The problem: Pictures are to be omitted. Output only the lines from the one containing "bikot corporate business" through the end of the data, word for word.

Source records
=-=-=

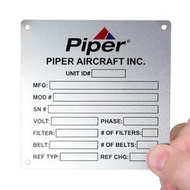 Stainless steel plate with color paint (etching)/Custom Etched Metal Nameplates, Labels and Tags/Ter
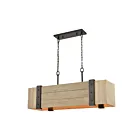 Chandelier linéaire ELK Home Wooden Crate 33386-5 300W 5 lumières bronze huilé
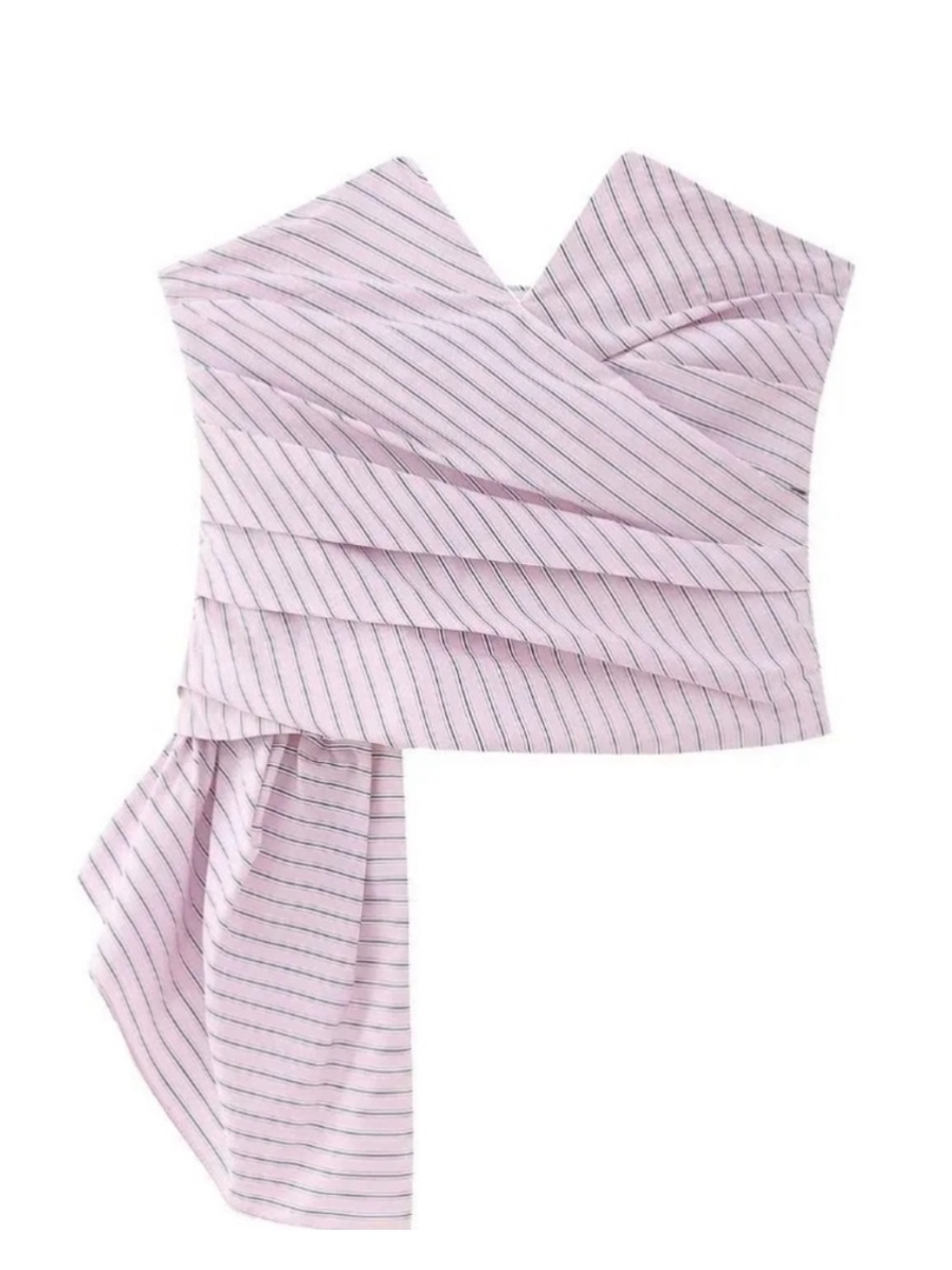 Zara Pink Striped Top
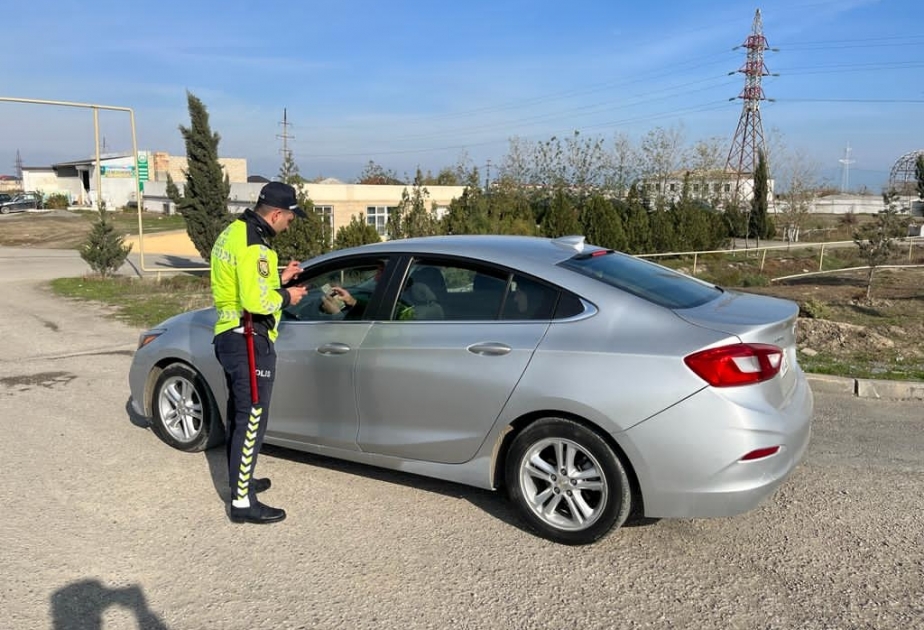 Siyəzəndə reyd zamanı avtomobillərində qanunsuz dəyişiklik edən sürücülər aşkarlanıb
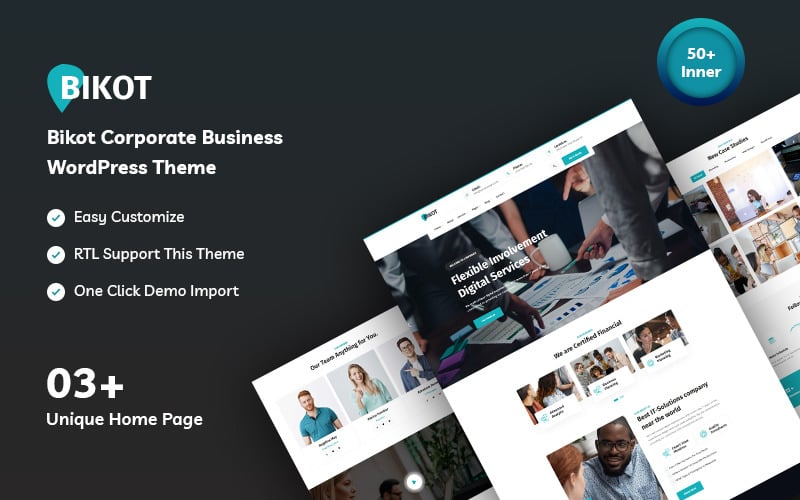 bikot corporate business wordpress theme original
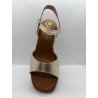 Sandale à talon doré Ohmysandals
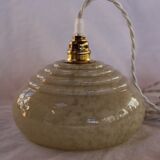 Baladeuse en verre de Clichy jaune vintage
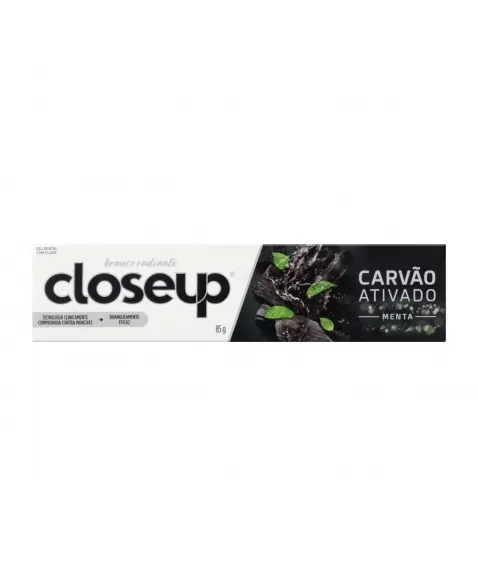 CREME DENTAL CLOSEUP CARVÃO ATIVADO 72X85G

=-=-=

Answer for the task:
 bikot corporate business wordpress theme original
 Sandale à talon doré Ohmysandals
 Baladeuse en verre de Clichy jaune vintage
 CREME DENTAL CLOSEUP CARVÃO ATIVADO 72X85G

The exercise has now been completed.